Which is Not Conserved? Practice Quiz

Boost your understanding of conservation principles today

Difficulty: Moderate
Grade: Grade 11
Study OutcomesCheat Sheet
Paper art representing a trivia quiz on conservation laws for high school physics students.

Which quantity is not conserved in an inelastic collision?
Kinetic Energy
Linear Momentum
Angular Momentum
Electric Charge
In inelastic collisions, some of the kinetic energy is transformed into other forms of energy such as heat or sound, so it is not conserved. However, momentum and charge remain conserved in a closed system.
Which conservation law is applicable in both elastic and inelastic collisions?
Conservation of Linear Momentum
Conservation of Kinetic Energy
Conservation of Mechanical Energy
Conservation of Angular Momentum
Linear momentum is always conserved in collisions regardless of whether they are elastic or inelastic. In contrast, kinetic and mechanical energy are only conserved in elastic collisions.
What does the law of conservation of energy state?
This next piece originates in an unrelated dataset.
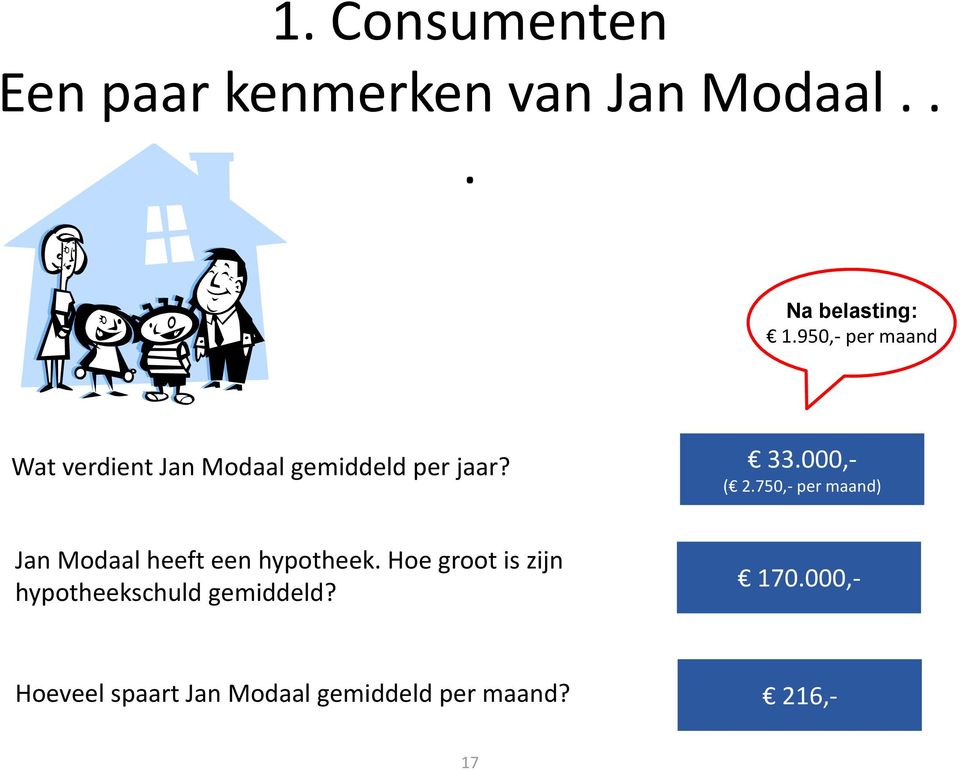 750,- per maand) Jan Modaal heeft een hypotheek.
Total energy in a closed system remains constant
Energy can be created from nothing
Energy increases over time
Energy can only be transferred in one direction
The law of conservation of energy asserts that energy cannot be created or destroyed, only converted from one form to another. This principle is fundamental in understanding how closed systems behave.
Why are conservation laws important in physics problem-solving?
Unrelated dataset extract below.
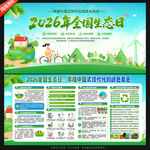 2026全国生态日展板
They relate initial and final conditions of a system
They allow creation of energy to solve problems
They only apply to theoretical situations
They explain why forces do not exist
Conservation laws simplify problem-solving by providing relationships between a system's initial and final states. They are critical tools that help verify the consistency and correctness of solutions in physics.
Which statement best describes conservation of momentum?
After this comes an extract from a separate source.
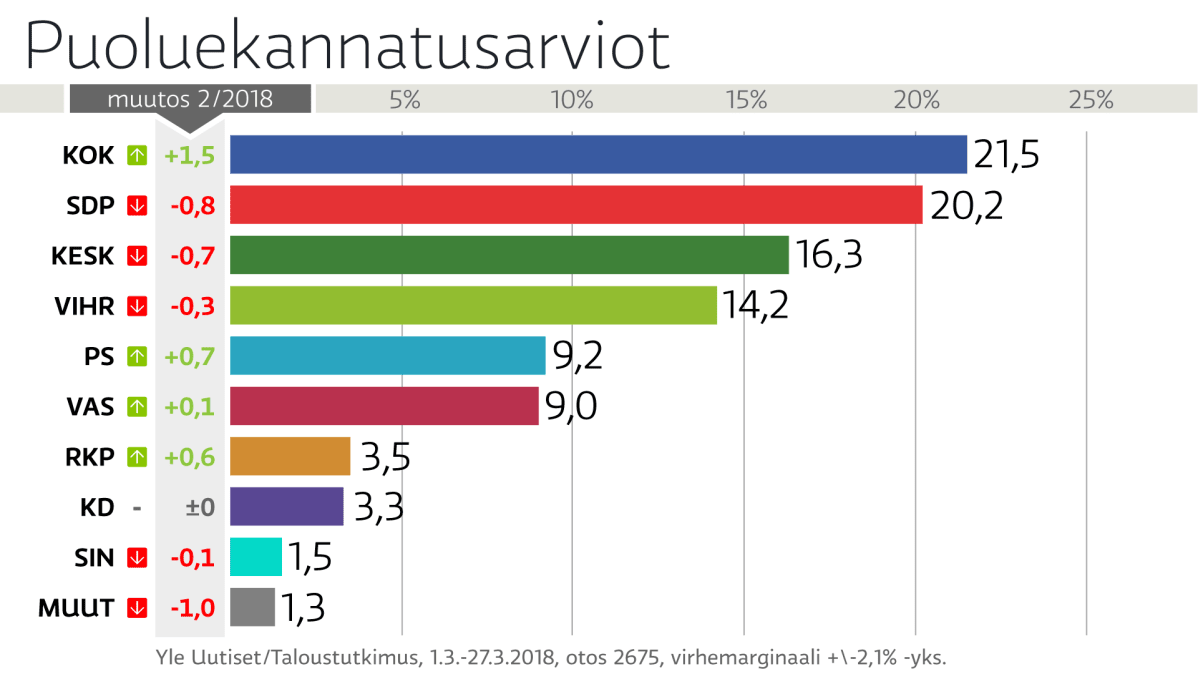 Puoluekannatusarvio 3/2018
In the absence of external forces, total momentum remains constant
Momentum always increases with time
Momentum is only conserved in elastic collisions
Momentum can be converted into energy
In a closed system with no external forces, the total momentum remains unchanged over time. This concept is fundamental when analyzing collisions and other interactions in physics.
When two objects stick together after a collision, which conservation law helps determine the final velocity of the combined mass?
Conservation of Linear Momentum
Conservation of Kinetic Energy
Conservation of Angular Momentum
Conservation of Electric Charge
In perfectly inelastic collisions where objects stick together, linear momentum is conserved even though some kinetic energy is lost. This makes momentum conservation the primary tool for determining the final state.
A figure skater spins faster when pulling her arms inward. Which conservation principle explains this phenomenon?
Conservation of Angular Momentum
Conservation of Linear Momentum
Conservation of Energy
Conservation of Mass
When the skater pulls her arms in, her moment of inertia decreases, resulting in an increase in angular velocity to conserve angular momentum. This is a classic example of how rotational motion adjusts to maintain a constant angular momentum in a closed system.
Which statement is true when an external torque acts on a rotating system?
Angular momentum is not conserved
Linear momentum becomes conserved
Kinetic energy always increases
Mass increases to balance the torque
When external torques are applied, they change the angular momentum of the system, meaning it is no longer conserved. The presence of an external influence disrupts the internal balance required for conservation.
During a nuclear reaction, which quantity is not conserved by itself but is conserved when considering mass-energy equivalence?
Mass
Momentum
Electric Charge
Angular Momentum
In nuclear reactions, mass can be converted to energy and vice versa, so mass alone is not conserved. Instead, the principle of mass-energy equivalence ensures that the total energy, which includes the mass energy, is conserved.
What does conservation of electric charge imply in chemical reactions?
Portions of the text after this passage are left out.